= Matthew Kauffman =

American journalist

Matthew Kauffman (born October 5, 1961 in Princeton, New Jersey) is an American investigative journalist and two-time Pulitzer Prize finalist.

==Education==
Kauffman attended Vassar College, where he obtained a bachelor of arts degree.

==Career==
Kauffman worked as a legal writer for the Hartford Courant until moving to West Hartford, Connecticut, where he took a job at the business desk. In 2003, Kauffman received accolades for his series on drug company scandals. Then, he wrote a weekly column known as the “Inside Pitch” and monthly reviews on As seen on TV products.
After winning Reporter of the Year at the Courant, and twice being a finalist for the Gerald Loeb Award, Kauffman was promoted to the investigative desk. He uncovered questionable ticket deals at the UConn athletic department; the highly paid basketball coaches Jim Calhoun and Geno Auriemma and others were secretly trading tickets for cars.

Kauffman has made an appearance on The O'Reilly Factor, where he talked about the legal, but sleazy, practices of charity executives and the percentage of donations that they keep.

In May 2006, Kauffman, along with colleague Lisa Chedekel, broke the story of mentally unstable soldiers in the U.S. Military being sent to and kept in Iraq.
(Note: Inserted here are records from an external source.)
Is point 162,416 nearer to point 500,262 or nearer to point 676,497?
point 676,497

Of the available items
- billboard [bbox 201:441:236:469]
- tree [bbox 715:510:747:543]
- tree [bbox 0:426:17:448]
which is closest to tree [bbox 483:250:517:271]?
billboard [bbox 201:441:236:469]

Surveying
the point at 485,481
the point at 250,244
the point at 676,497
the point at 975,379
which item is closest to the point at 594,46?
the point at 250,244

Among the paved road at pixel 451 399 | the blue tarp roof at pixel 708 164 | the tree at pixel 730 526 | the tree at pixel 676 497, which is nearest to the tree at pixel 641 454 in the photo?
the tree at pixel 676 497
The four-part series, entitled "Mentally Unfit, Forced to Fight", gained national renown. They talked with broadcast, cable, internet, and print journalists about what they found and Kauffman was featured in an evening network newscast—ABC World News Sunday on May 14, 2006. The story won the 2006 Worth Bingham Prize, the George Polk Award, the 2007 Selden Ring Award for Investigative Reporting, the Dart Award for Excellence in Reporting on Victims of Violence, and the Heywood Broun Award. The story was also a finalist for the 2007 Pulitzer Prize for Investigative Reporting.

==Personal life==
After graduating Vassar, Kauffman married Wendy Nelson Kauffman and moved to New Haven, Connecticut.